SciTools · bjlittle · Jun 7, 2017 · May 24, 2017 · May 24, 2017 · May 25, 2017
diff --git a/docs/iris/src/userguide/index.rst b/docs/iris/src/userguide/index.rst
@@ -6,11 +6,11 @@ Iris user guide
 
 How to use the user guide
 ---------------------------
-If you are reading this user guide for the first time it is strongly recommended that you read the user guide 
-fully before experimenting with your own data files. 

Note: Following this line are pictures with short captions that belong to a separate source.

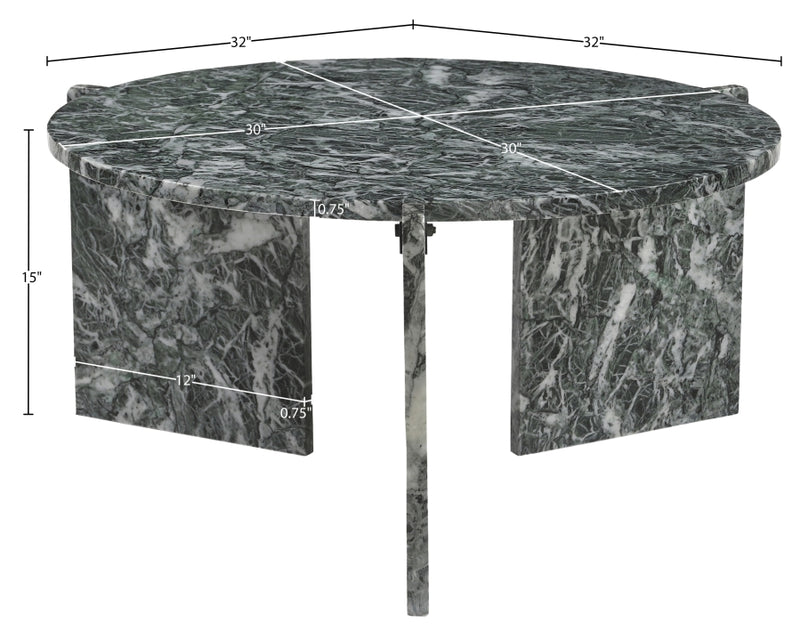 Vernazza Genuine Marble Coffee Table in Green - 77009Green-CT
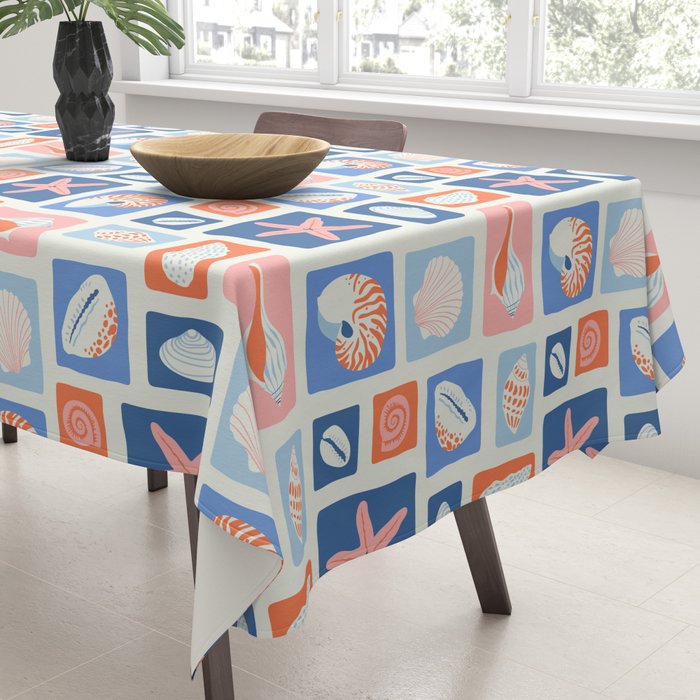 Vintage marine seashell mosaic art pattern Tablecloth Gallery Image 3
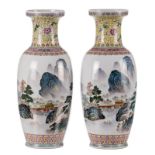 Two Chinese famille rose and polychrome vases, decorated with a mountainous river landscape, marked,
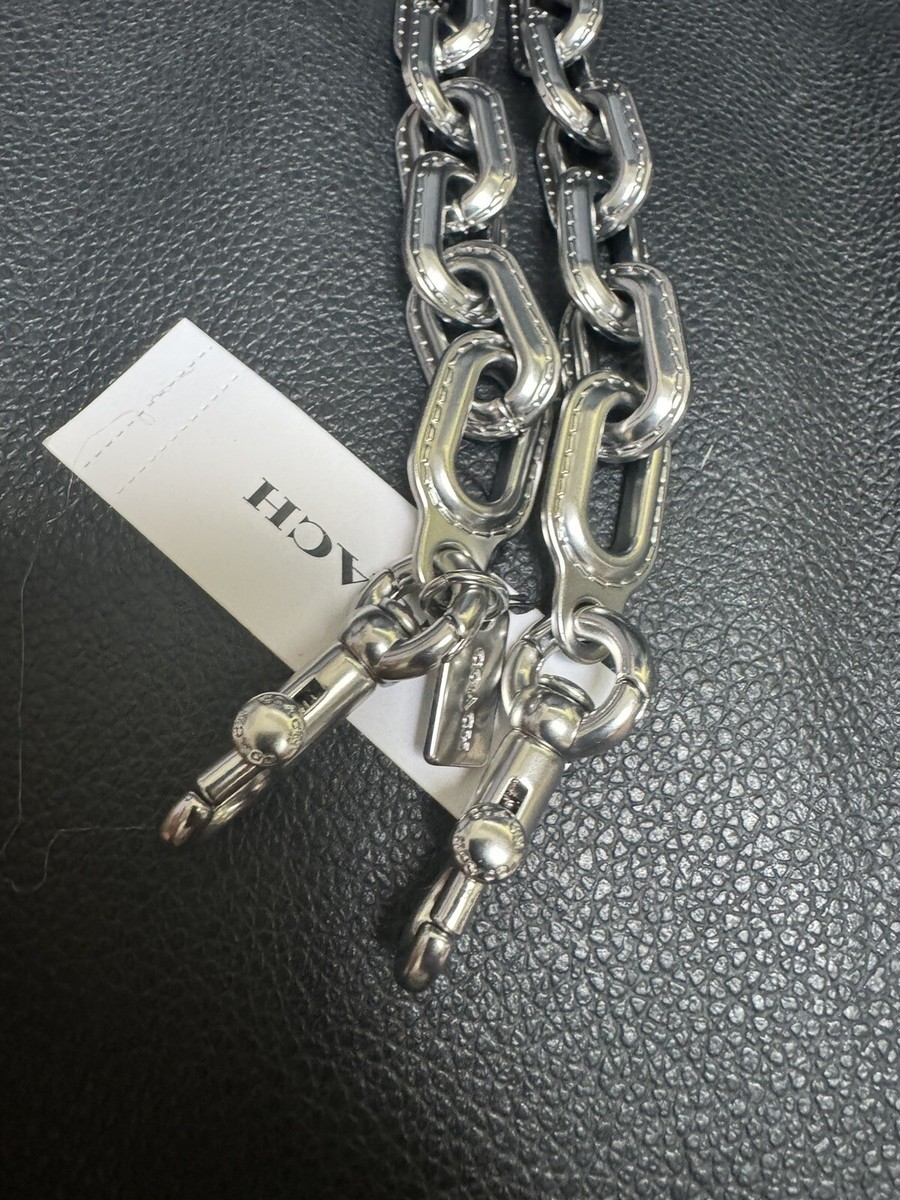 Authentic Coach Metal Chain Link Short Strap Brass / Pewter
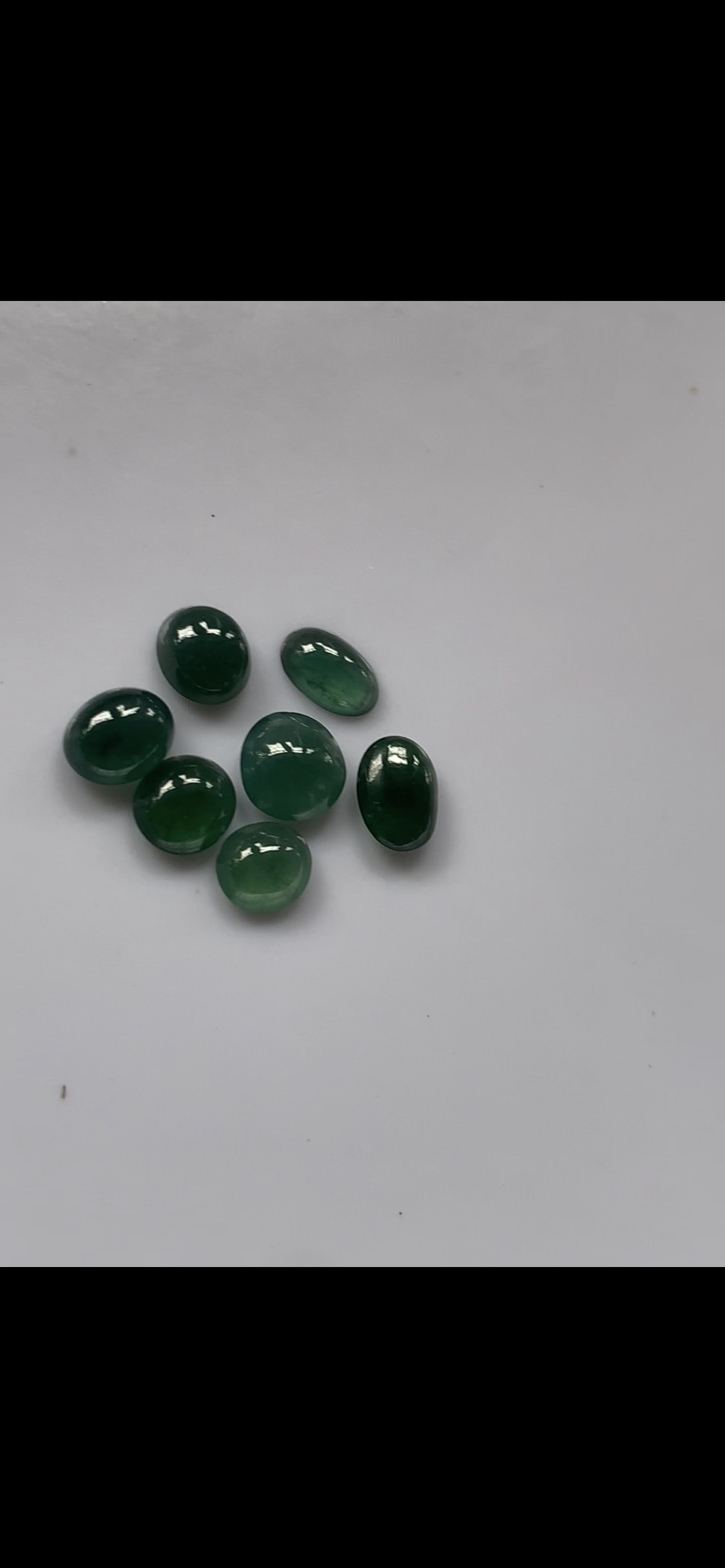 Seven Deep Rich Green Oval & Round Loose Cabochons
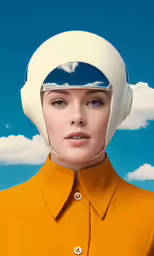 a woman is wearing a yellow shirt with a blue sky behind her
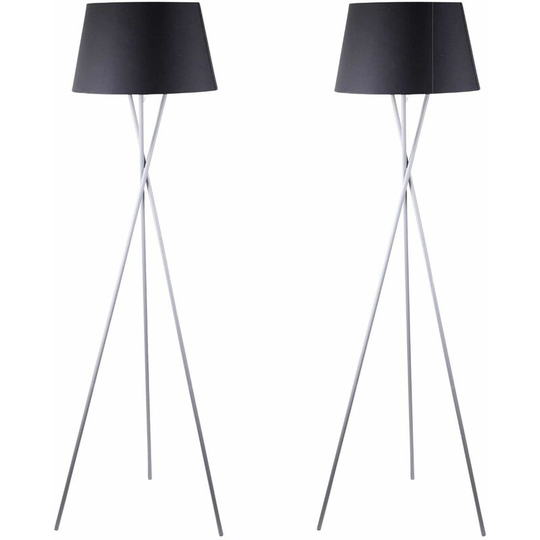 Pair Grey Tripod Floor Lamp with Black Fabric Shade - Grey and black cotton
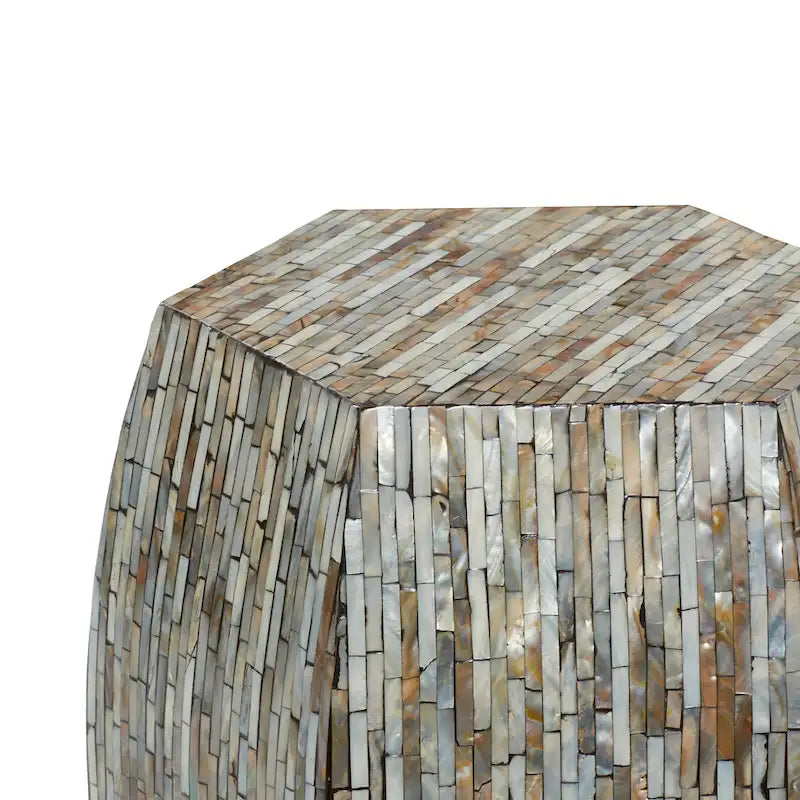 Lovely Wood Contemporary Shell Inlay Stool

+If you are reading this user guide for the first time it is strongly recommended that you read the user guide
+fully before experimenting with your own data files.
 
 
-Much of the content has supplementary links to the reference documentation; you will not need to follow these 
+Much of the content has supplementary links to the reference documentation; you will not need to follow these
 links in order to understand the guide but they may serve as a useful reference for future exploration.
 
 .. htmlonly::
@@ -30,6 +30,7 @@ User guide table of contents
    saving_iris_cubes.rst
    navigating_a_cube.rst
    subsetting_a_cube.rst
+   real_and_lazy_data.rst
    plotting_a_cube.rst
    interpolation_and_regridding.rst
    merge_and_concat.rst

diff --git a/docs/iris/src/userguide/real_and_lazy_data.rst b/docs/iris/src/userguide/real_and_lazy_data.rst
@@ -0,0 +1,230 @@
+.. _real_and_lazy_data:
+
+
+.. testsetup:: *
+
+    import dask.array as da
+    import iris
+    import numpy as np
+
+
+==================
+Real and Lazy Data
+==================
+
+We have seen in the :doc:`user_guide_introduction` section of the user guide that
+Iris cubes contain data and metadata about a phenomenon. The data element of a cube
+is always an array, but the array may be either "real" or "lazy".
+
+In this section of the user guide we will look specifically at the concepts of
+real and lazy data as they apply to the cube and other data structures in Iris.
+
+
+What is real and lazy data?
+---------------------------
+
+In Iris, we use the term **real data** to describe data arrays that are loaded
+into memory. Real data is typically provided as a
+`NumPy array <https://docs.scipy.org/doc/numpy/reference/generated/numpy.array.html>`_,
+which has a shape and data type that are used to describe the array's data points.
+Each data point takes up a small amount of memory, which means large NumPy arrays can
+take up a large amount of memory.
+
+Conversely, we use the term **lazy data** to describe data that is not loaded into memory.
+(This is sometimes also referred to as **deferred data**.)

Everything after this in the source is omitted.